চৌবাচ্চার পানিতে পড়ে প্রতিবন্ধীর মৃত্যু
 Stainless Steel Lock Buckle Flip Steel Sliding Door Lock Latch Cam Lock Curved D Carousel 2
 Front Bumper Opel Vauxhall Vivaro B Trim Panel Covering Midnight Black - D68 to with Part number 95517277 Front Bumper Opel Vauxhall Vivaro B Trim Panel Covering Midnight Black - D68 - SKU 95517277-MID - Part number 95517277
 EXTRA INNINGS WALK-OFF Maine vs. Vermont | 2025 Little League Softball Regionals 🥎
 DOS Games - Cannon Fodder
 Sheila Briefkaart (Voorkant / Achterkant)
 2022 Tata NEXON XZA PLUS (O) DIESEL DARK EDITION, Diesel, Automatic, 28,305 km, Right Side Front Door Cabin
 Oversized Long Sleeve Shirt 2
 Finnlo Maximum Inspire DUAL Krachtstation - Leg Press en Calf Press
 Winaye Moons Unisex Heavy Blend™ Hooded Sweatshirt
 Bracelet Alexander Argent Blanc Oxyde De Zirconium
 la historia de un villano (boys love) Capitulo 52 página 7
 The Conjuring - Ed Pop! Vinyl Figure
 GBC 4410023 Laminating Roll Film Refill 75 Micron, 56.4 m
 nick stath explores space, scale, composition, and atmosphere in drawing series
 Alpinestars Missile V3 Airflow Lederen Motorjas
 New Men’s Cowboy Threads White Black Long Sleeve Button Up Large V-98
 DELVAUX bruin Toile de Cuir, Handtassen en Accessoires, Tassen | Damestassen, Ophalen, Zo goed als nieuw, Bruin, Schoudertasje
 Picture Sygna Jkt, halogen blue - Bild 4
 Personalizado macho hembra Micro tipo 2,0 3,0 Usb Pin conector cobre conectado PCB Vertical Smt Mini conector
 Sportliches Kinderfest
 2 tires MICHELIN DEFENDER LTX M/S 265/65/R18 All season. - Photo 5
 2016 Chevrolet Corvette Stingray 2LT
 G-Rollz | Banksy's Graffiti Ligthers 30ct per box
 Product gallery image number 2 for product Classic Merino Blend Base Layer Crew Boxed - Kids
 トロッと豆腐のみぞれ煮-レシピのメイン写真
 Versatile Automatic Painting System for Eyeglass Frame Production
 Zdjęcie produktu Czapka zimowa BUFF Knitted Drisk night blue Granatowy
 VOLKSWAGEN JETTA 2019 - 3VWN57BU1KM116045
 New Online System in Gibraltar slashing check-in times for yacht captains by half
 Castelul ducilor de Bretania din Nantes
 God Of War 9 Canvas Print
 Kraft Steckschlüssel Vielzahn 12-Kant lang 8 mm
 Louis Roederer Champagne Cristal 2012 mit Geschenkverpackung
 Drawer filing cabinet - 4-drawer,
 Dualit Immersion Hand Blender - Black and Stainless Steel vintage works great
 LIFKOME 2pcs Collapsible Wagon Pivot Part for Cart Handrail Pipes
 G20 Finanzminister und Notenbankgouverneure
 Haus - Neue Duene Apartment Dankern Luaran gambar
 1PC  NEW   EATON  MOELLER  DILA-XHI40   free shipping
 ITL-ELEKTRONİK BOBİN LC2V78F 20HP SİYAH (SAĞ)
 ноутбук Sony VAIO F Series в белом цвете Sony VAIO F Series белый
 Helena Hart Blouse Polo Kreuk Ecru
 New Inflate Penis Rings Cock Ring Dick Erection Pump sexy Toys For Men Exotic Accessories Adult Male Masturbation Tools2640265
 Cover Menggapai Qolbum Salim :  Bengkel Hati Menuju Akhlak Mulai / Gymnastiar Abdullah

· · ·

Go through the material and copy each line that contains "Long".

 Oversized Long Sleeve Shirt 2
 New Men’s Cowboy Threads White Black Long Sleeve Button Up Large V-98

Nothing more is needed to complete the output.